*** Dataset excerpts Section Begins ***

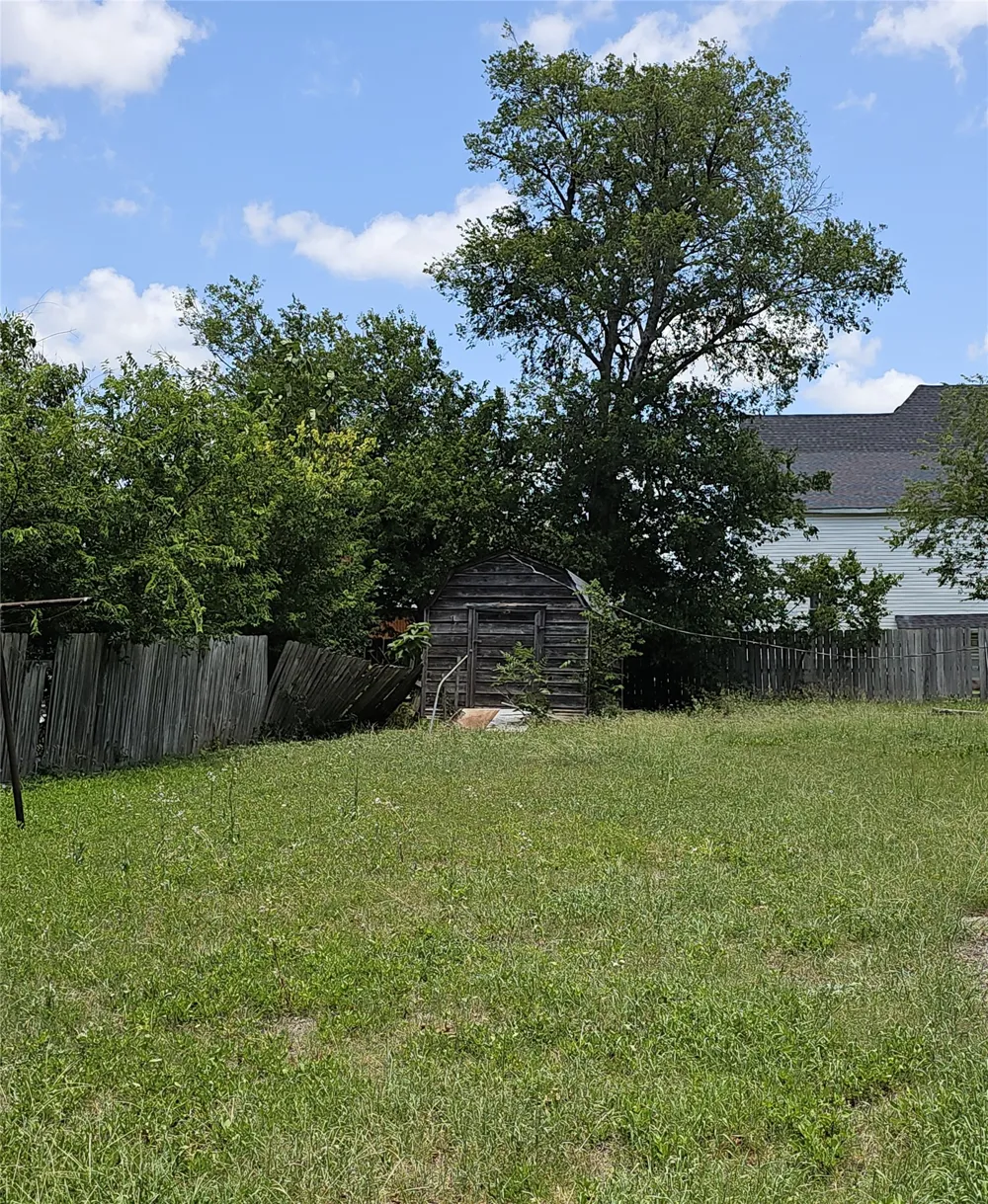 310 W Milam Street Mexia, TX 76667
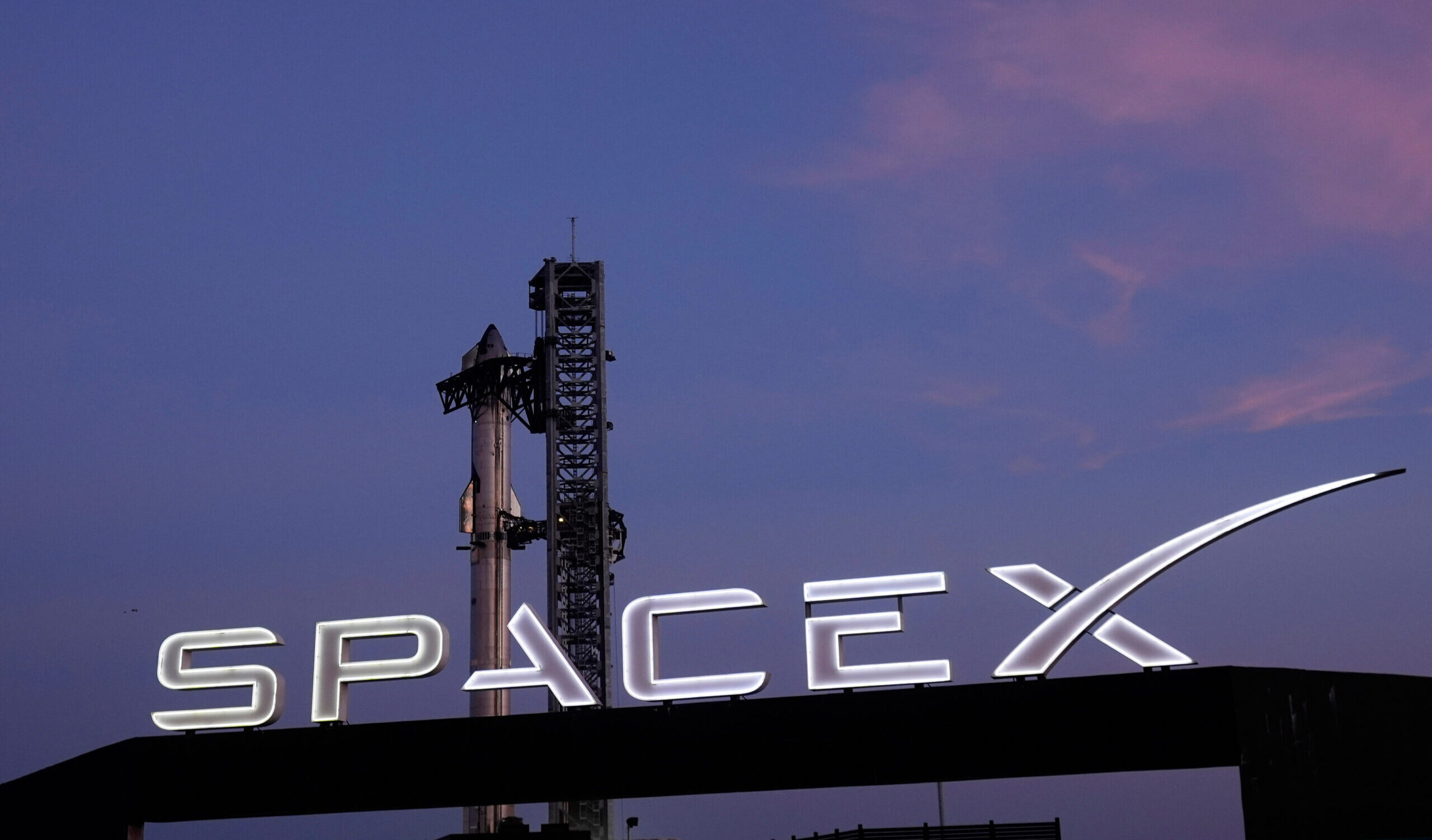 3 Reasons SpaceX’s Stock Could Plummet Another 50%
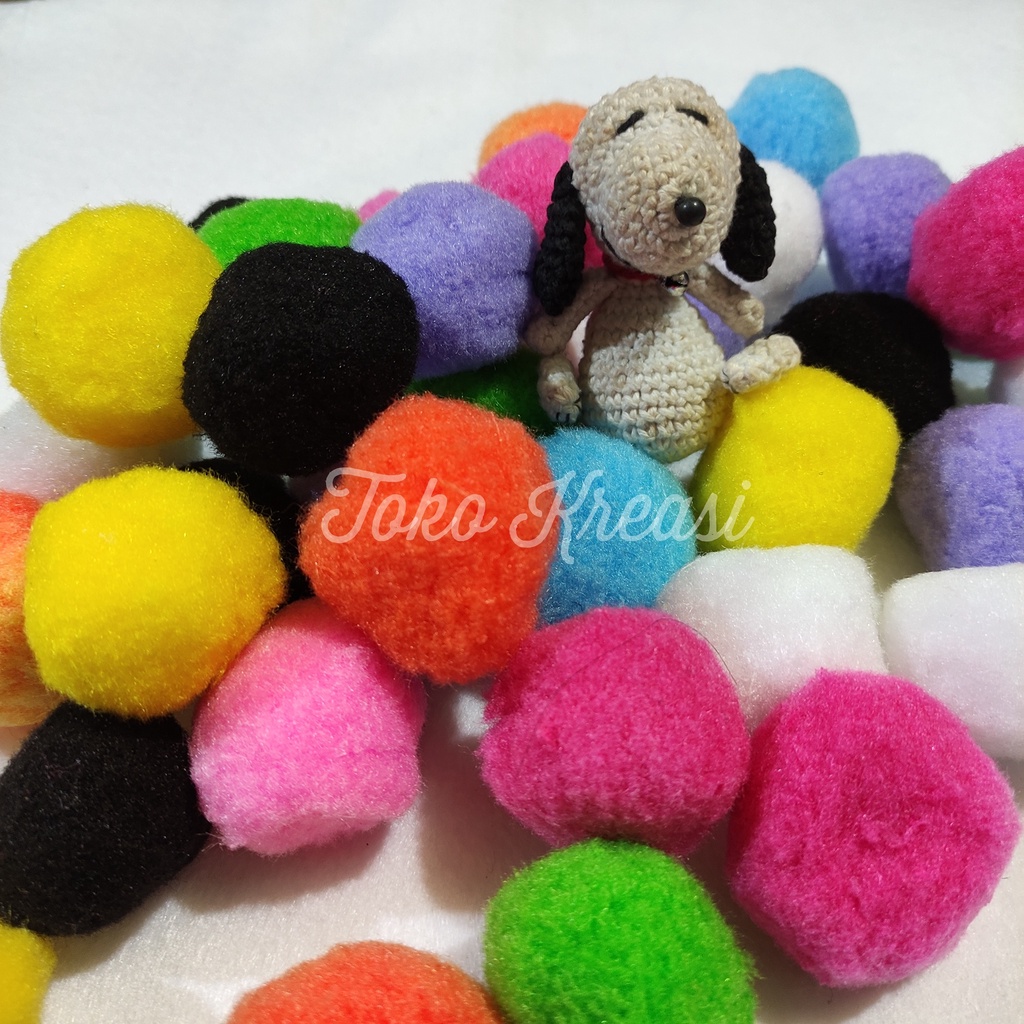 (Per pcs) Pom pom Ukuran Diameter 50 mm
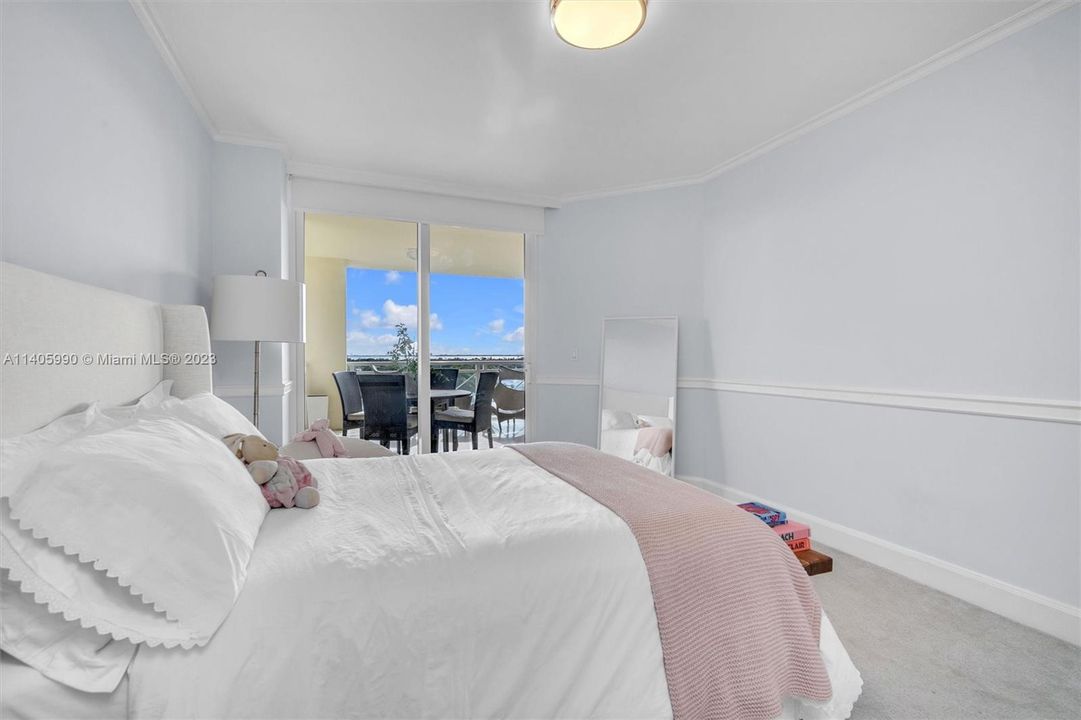 Recently Sold: $2,900,000 (2 beds, 3 baths, 2570 Square Feet)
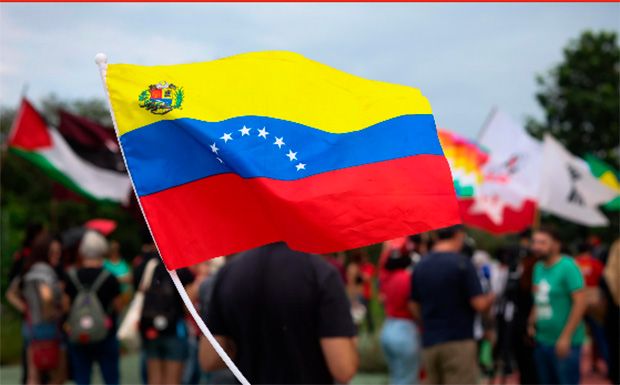 “Tire suas patas da Venezuela”, dizem ativistas em ato contra os EUA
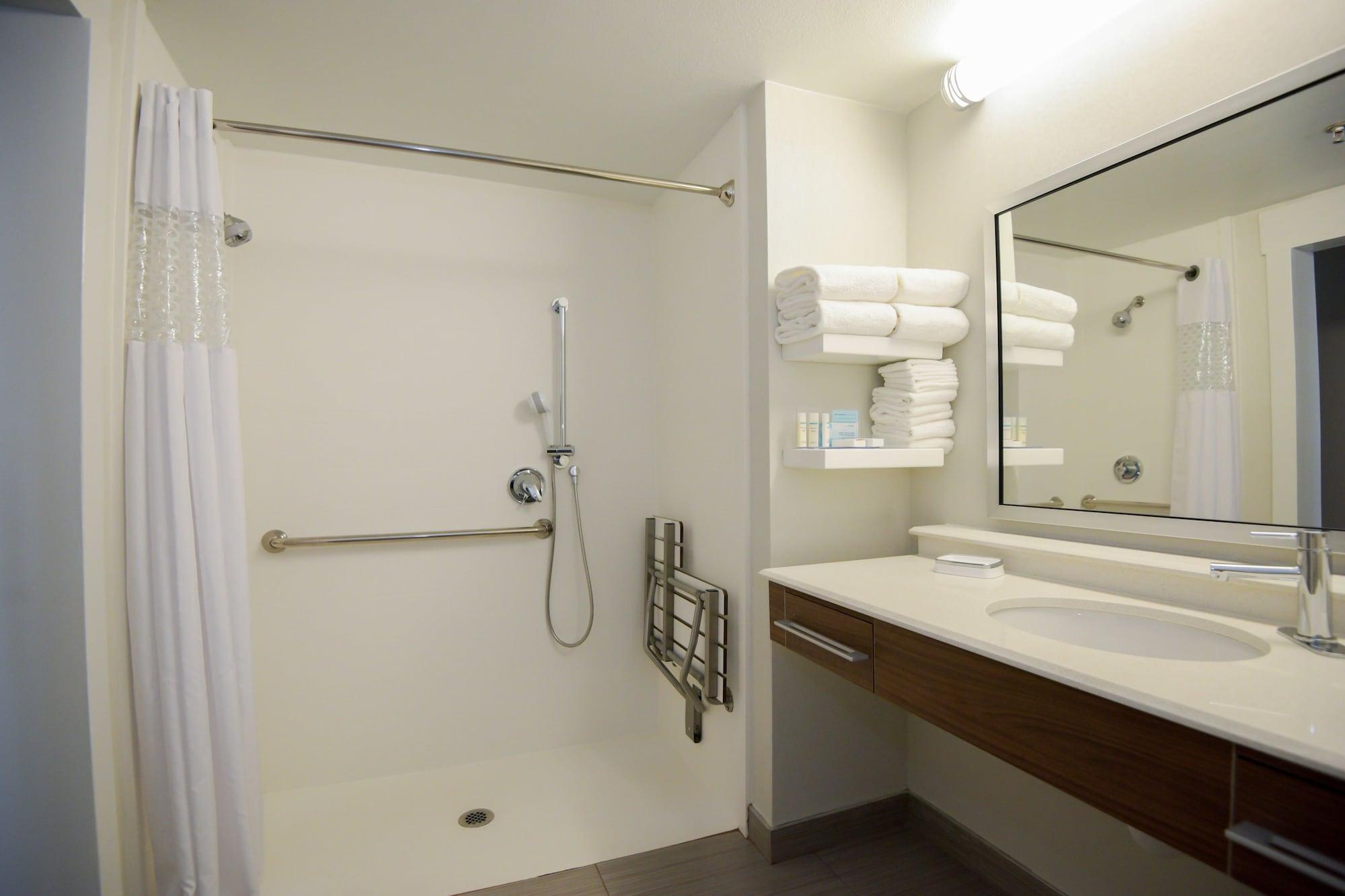 Hampton Hotel 3*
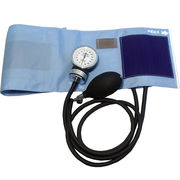ＦＯＣＡＬ　アネロイド血圧計　ＦＣ-１００Ｖ　ナイロンカフ　スカイブルー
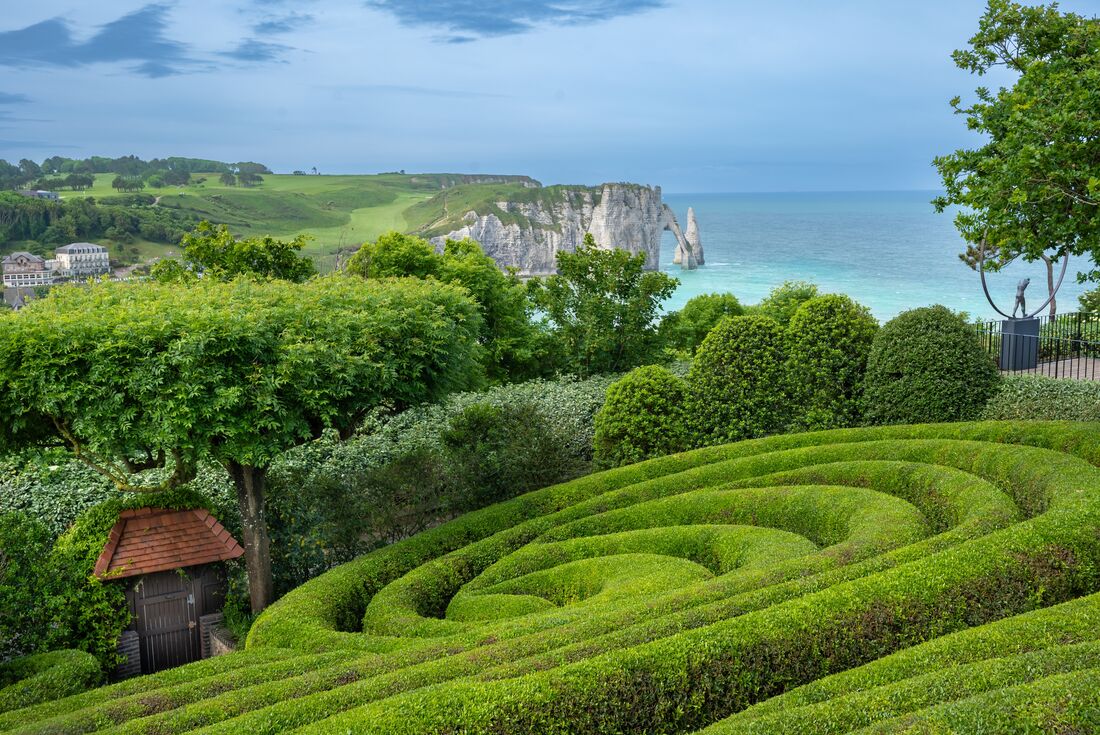 Green spira; design at Etretat Garden, France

*** Dataset excerpts Section Ends ***

*Work task:* Write the lines from the one with "ＦＯＣＡＬ　アネロイド血圧計　ＦＣ-１００Ｖ　ナイロンカフ　スカイブルー" through the last line of the entries out again exactly, both ends included, and skip the pictures.

*Your solution:*
ＦＯＣＡＬ　アネロイド血圧計　ＦＣ-１００Ｖ　ナイロンカフ　スカイブルー
 Green spira; design at Etretat Garden, France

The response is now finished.